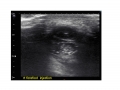 Intermetatarsal Bursitis post inject 1a
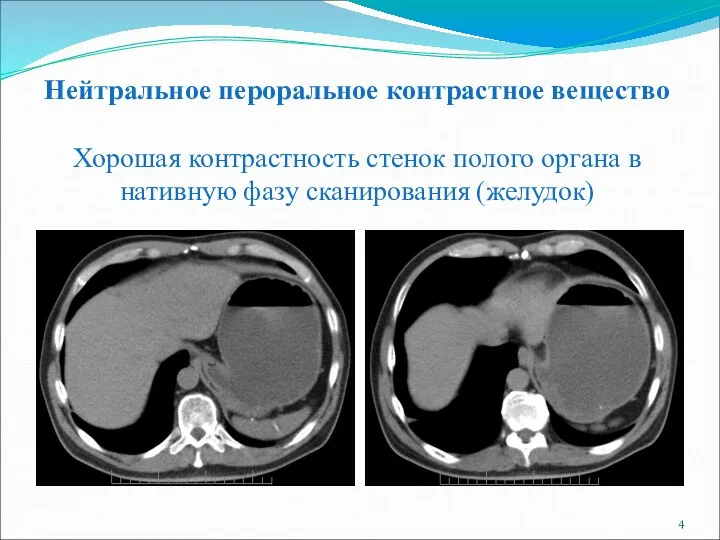 Нейтральное пероральное контрастное вещество Хорошая контрастность стенок полого органа в нативную фазу сканирования (желудок)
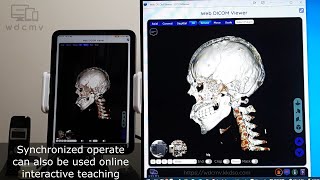 Start Medical Image-based Teleconsultation using Web DICOM Viewer on iPad via Web Push Notification screenshot 2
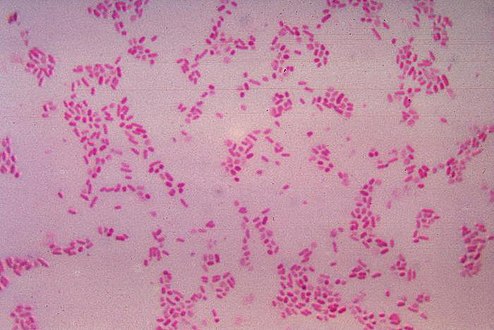 Bacteroides fragilis (Bacteroidetes)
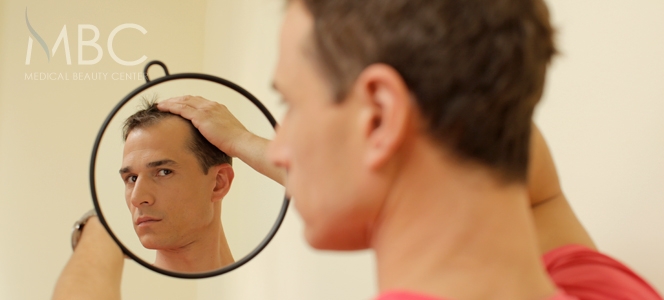 Hair Loss in Men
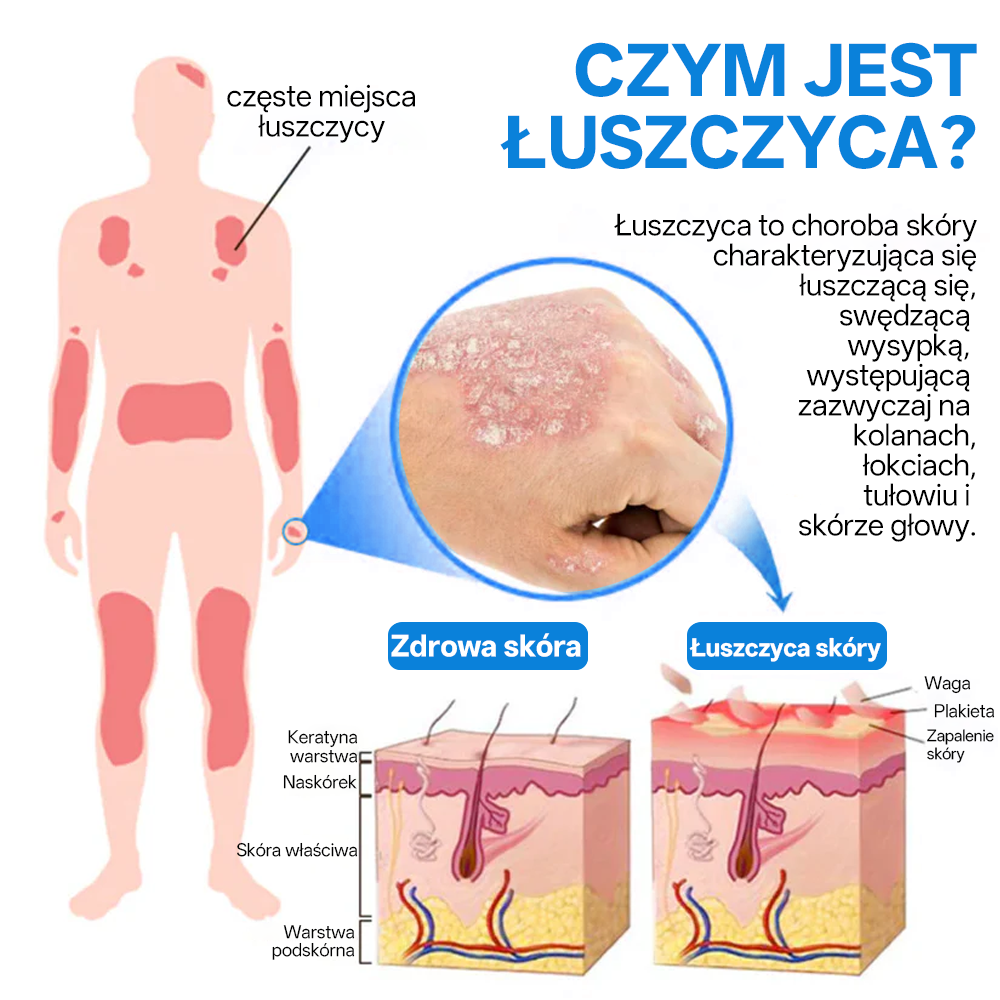 ✅ Oficjalny Sklep: Zvoevo® Magnezowy Ziołowy Spray na Łuszczycę ⚕️ Certyfikowany przez FDA (Łagodzi łuszczycę i egzemę, poprawia infekcje bakteryjne w okolicach intymnych, leczy trądzik i brodawki, łagodzi ból stawów i ból neuropatyczny)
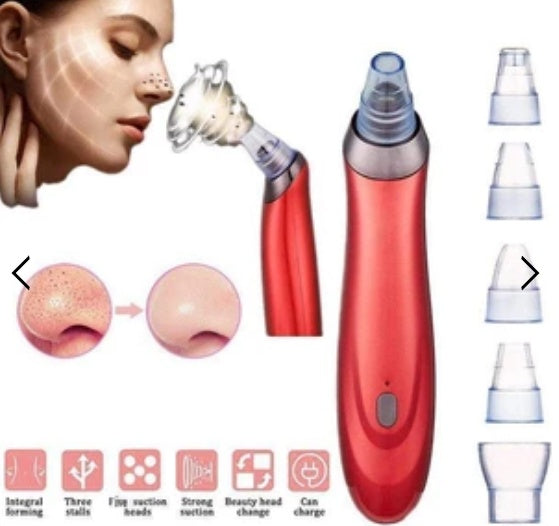 Electric Blackhead Remover – Pore Vacuum Cleaner Acne Extractor Tool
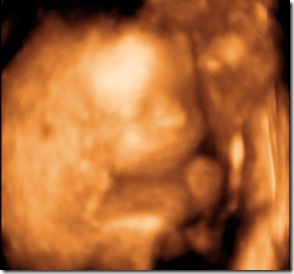 BABY GIRL_5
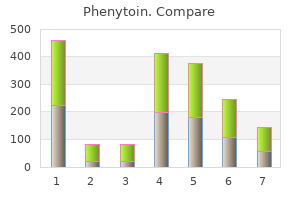 buy phenytoin cheap online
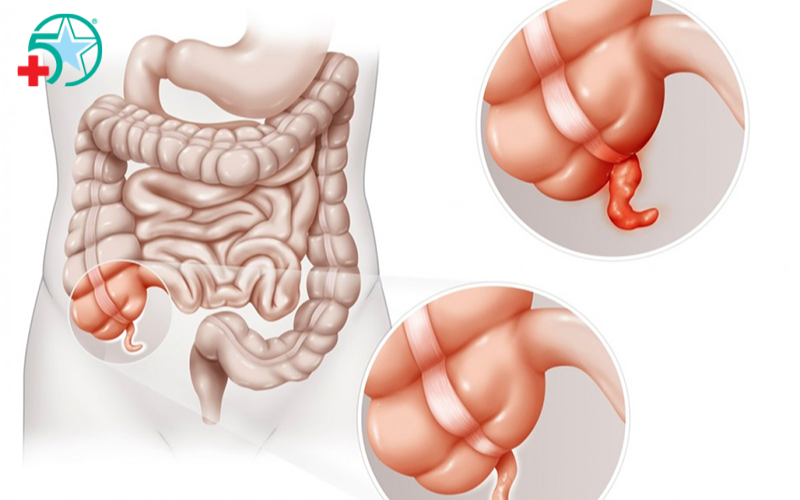 nguyen-nhan-gay-viem-ruot-thua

-----

§ **Task item**
Since the copy should hold text only, set down each record exactly and leave the pictures out.

§ **Answer section**
 Intermetatarsal Bursitis post inject 1a
 Нейтральное пероральное контрастное вещество Хорошая контрастность стенок полого органа в нативную фазу сканирования (желудок)
 Start Medical Image-based Teleconsultation using Web DICOM Viewer on iPad via Web Push Notification screenshot 2
 Bacteroides fragilis (Bacteroidetes)
 Hair Loss in Men
 ✅ Oficjalny Sklep: Zvoevo® Magnezowy Ziołowy Spray na Łuszczycę ⚕️ Certyfikowany przez FDA (Łagodzi łuszczycę i egzemę, poprawia infekcje bakteryjne w okolicach intymnych, leczy trądzik i brodawki, łagodzi ból stawów i ból neuropatyczny)
 Electric Blackhead Remover – Pore Vacuum Cleaner Acne Extractor Tool
 BABY GIRL_5
 buy phenytoin cheap online
 nguyen-nhan-gay-viem-ruot-thua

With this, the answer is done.